Рим рано женил своих молодых людей, рассчитывая тем «остепенить» их — не дать им времени развратиться. Но, как известно, браки в Риме не отличались прочностью. В числе причин неустойчивости брачных союзов, — притом на одном из первых мест, — надо поставить пагубное влияние раба-сверстника, сотоварища и ментора холостых пороков молодого мужа. Вместе с хозяином, волей-неволей, остепенялся и приближенный раб.

Прощай, лакомые кусочки, разгульные ночки, бешеные денежки! Осужденный на мирную, скромную жизнь под кровом порядочного дома, избалованный раб бесился от скуки, и если не отпускал его на волю господин, то начинал сам думать о выкупе и прикапливать нужную на то сумму. Но от трудов праведных не нажить палат каменных: служа честью и правдой, капитала скоро не сколотишь. Раб снова принимался за свои старинные плутни и привлекал к ним того, кто в данном случае был ему всех выгоднее, т.е. молодого господина. Восторги медового месяца прошли, господин позевывает и, заметно, не прочь тряхнуть холостой стариной. Раб, изучивший нрав его, как свои пять пальцев, уже тут как тут, с предложением былых привычных услуг. «Тебе наскучила жена? Нравится другая? Кто она: рабыня, свободнорожденная? Я готов отнести твою записку хоть супруге самого цезаря. Хочешь — устрою свидание? Хочешь, украдем красавицу?» Мефистофели в Риме умели хорошо убеждать, а Фаусты были податливы. И вот для раба вновь наставали, в буквальном смысле слова, золотые дни, а господин втягивался мало-помалу в старые холостые привычки, в том числе и в привычку плясать по дудке раба-сверстника. Естественно, что жены ненавидели личных рабов, состоявших при мужьях. Они чувствовали в этих людях природных врагов семейного гнезда, ими свиваемого. Нечего говорить, что ненависть обострялась, когда к развращающему косвенному влиянию раба, чрез скверные услуги и советы, присоединялось прямое — через порок, ныне не называемый, но в древнем Риме столь же обыкновенный, как в современном Тегеране или Эрзеруме. Марциал и Петроний рассказывают удивительные подробности. И грустно, и смешно читать, с какого рода ревностью приходилось знакомиться многим молодым женам, иногда при первом же вступлении их под супружескую кровлю.

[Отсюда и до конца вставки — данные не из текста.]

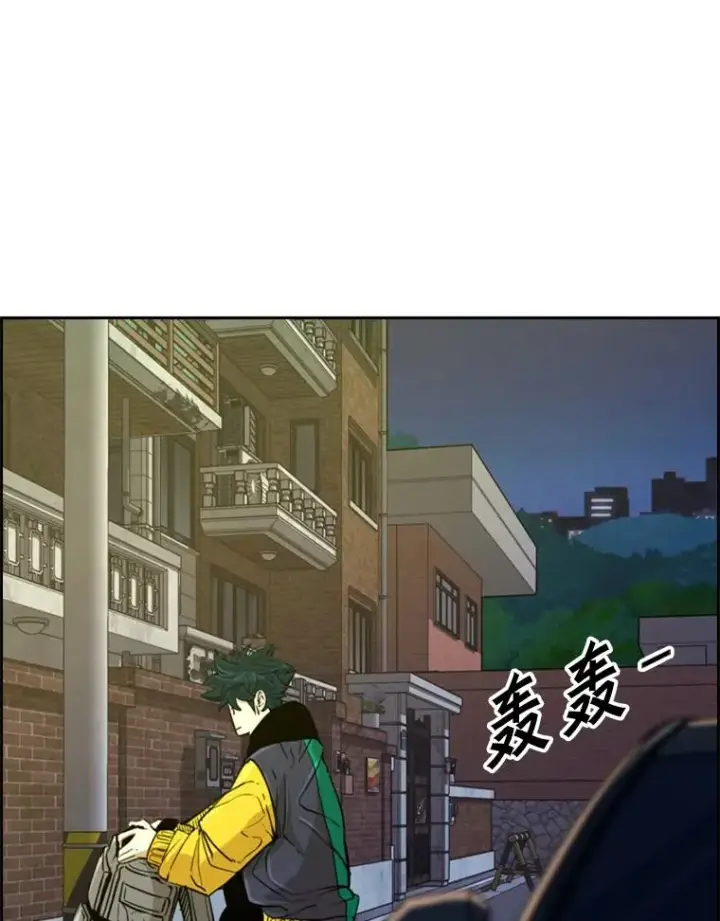 《鲨鱼》236.对战请求图46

Отведя так много места характеристике рабов, латинская комедия оставила нам лишь легкие абрисы рабынь, что зависит, конечно, не от маловажности роли их в действительной жизни, но от обычая древних поручать на сцене женские роли мужчинам. Так как мужчина в женском платье всегда безобразен и скучно неловок, то ему и не давали долго утомлять собой внимание публики. Однако, Плавт все же дает представление о том, какого тона были римские служанки, и каковы были нравы их, и каков жаргон. В общем, они — прямые предшественницы субреток Мольера, но местами у Плавта вдруг скользнет такая бытовая черта рабьего мирка, прозвучит такое словечко, что пред смелостью их сразу меркнут не только Мольер, но и «Мандрагора» Макиавелли, и сам Аретин.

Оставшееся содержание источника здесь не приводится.